Le Dr Dominique Dupagne est médecin généraliste. Ayant lui-même un TDAH (trouble de l’attention avec/sans hyperactivité), il est l’auteur de l’essai « Le retour des zappeurs » (CreateSpace, 2013), dans lequel il décrit ce trouble, mais aussi les points forts des inattentifs / hyperactifs. Depuis 18 ans, il gère aussi des forums de patients et de médecins, sur son site, Atoute.org.

Pourquoi avoir écrit sur le TDAH ?

J’ai été un enfant turbulent et créatif, avec une scolarité extrêmement chaotique, et aucun diagnostic de réalisé. C’est en arrêtant de fumer, à 44 ans, que j’ai découvert que j’étais TDAH. La nicotine me servait de « médicament » psychostimulant, et une fois que j’ai arrêté de consommer deux paquets par jour, j’ai eu soudain des difficultés de concentration majeures… Un jour, en discutant avec un ami psychiatre,  lui-même TDAH, j’ai découvert mon trouble.

Plus tard, à force de lire des tas de bêtises sur le TDAH, j’ai voulu donner ma vision personnelle.
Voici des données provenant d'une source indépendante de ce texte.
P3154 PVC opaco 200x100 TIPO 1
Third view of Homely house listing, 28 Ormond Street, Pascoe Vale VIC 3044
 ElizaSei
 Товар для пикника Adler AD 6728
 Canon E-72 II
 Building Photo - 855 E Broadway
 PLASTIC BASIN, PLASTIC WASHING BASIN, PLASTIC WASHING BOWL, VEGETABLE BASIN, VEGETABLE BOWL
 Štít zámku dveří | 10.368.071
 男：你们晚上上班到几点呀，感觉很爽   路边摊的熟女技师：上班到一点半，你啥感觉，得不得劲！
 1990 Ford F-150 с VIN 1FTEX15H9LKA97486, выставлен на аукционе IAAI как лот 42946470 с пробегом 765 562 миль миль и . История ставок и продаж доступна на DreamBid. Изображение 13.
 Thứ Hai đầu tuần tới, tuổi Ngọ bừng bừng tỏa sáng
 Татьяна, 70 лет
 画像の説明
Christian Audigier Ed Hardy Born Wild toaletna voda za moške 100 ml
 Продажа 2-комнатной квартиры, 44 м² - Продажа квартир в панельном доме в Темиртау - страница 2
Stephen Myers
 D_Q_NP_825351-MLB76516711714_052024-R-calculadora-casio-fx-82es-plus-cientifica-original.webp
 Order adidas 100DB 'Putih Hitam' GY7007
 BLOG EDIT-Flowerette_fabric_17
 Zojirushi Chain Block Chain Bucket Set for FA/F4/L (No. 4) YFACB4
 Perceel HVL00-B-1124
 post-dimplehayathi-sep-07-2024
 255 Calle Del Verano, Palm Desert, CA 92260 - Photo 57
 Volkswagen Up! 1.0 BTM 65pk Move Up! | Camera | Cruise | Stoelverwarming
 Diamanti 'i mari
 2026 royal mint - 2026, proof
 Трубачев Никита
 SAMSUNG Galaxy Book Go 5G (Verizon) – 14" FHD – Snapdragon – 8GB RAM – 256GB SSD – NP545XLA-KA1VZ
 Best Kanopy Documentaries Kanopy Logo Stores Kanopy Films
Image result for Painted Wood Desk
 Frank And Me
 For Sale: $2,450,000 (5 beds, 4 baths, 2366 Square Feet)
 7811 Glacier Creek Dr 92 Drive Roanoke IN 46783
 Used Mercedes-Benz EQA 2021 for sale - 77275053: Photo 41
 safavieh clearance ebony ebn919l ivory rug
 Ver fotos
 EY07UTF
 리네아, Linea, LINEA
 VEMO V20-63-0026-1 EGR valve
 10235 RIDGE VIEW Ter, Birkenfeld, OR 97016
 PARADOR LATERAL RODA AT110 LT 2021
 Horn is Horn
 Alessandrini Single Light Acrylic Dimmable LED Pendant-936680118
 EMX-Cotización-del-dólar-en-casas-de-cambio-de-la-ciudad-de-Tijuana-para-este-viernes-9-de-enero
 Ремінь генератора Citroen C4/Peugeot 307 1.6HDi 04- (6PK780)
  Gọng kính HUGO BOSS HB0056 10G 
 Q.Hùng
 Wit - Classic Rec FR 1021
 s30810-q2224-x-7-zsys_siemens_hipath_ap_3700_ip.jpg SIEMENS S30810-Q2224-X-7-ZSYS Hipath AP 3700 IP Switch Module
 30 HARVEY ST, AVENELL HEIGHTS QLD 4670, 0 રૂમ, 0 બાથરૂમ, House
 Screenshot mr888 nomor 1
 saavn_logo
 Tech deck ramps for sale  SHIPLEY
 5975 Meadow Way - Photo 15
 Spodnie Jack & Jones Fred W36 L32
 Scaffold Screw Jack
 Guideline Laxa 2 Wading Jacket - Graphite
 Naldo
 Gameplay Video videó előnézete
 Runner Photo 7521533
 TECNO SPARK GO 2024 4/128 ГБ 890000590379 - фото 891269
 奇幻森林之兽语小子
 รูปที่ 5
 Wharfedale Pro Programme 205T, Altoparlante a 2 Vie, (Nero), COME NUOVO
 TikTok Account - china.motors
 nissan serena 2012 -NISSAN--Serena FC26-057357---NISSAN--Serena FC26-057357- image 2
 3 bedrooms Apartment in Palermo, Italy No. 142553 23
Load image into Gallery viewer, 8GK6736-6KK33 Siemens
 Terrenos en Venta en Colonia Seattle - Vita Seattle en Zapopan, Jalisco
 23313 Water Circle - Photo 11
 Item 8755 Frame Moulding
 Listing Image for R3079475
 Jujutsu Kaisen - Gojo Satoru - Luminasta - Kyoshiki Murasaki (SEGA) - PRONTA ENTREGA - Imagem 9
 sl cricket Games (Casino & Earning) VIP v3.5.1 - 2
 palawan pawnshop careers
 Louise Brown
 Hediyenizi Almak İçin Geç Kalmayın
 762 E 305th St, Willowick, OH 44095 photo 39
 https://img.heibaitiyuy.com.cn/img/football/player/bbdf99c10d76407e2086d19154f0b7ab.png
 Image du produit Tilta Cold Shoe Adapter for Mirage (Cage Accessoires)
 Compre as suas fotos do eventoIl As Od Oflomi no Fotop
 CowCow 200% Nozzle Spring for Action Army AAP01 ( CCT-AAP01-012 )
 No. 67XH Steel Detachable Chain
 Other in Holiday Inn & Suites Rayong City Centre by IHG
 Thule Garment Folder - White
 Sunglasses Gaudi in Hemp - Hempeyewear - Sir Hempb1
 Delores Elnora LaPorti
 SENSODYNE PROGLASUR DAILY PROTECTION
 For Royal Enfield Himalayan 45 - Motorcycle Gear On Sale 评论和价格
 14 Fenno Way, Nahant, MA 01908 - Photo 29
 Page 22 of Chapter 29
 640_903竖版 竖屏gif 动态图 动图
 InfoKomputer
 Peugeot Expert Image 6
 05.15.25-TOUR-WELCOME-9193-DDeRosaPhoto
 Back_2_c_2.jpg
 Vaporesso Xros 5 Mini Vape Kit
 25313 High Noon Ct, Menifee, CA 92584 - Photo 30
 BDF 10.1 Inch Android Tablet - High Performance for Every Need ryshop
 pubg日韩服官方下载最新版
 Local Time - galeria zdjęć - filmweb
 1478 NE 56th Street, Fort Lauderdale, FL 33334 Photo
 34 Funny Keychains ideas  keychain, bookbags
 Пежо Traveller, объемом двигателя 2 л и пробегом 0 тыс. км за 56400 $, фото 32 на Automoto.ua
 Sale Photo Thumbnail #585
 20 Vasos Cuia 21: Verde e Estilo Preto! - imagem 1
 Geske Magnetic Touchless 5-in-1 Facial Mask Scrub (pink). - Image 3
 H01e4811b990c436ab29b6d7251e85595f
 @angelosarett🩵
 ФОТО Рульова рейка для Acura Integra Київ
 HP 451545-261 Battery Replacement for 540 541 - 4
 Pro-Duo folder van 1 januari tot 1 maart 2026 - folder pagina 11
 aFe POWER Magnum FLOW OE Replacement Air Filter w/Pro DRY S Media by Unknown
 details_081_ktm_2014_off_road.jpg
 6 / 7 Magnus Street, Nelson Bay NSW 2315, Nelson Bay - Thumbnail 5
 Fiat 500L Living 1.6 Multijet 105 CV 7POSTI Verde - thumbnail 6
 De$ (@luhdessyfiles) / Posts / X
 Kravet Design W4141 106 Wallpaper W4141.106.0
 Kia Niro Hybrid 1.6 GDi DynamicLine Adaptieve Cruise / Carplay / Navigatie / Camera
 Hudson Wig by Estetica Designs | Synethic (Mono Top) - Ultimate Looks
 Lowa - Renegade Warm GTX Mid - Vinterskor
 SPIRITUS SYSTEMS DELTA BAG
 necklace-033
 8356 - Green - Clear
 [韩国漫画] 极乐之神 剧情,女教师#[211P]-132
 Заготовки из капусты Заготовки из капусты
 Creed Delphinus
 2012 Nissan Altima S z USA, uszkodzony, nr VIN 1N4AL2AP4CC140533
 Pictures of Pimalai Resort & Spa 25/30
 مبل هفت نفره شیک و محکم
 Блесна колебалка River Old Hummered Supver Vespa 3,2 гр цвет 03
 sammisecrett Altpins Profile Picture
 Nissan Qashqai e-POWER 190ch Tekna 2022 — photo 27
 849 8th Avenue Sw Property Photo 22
Je trouve ahurissant de voir, en France, à quel point des choses invraisemblables peuvent être écrites, en provenance de psychanalystes qui continuent d’avoir des théories proches de celles qui ont fait beaucoup de mal aux enfants autistes pendant des années, en y voyant des pères absents, ou des mères toutes puissantes… A partir de ce que je sais du TDAH – je gère un forum de patients qui en souffrent, et je suis moi-même concerné -, j’ai ainsi voulu donner un point de vue positif sur ce trouble, plutôt que de le présenter comme une maladie.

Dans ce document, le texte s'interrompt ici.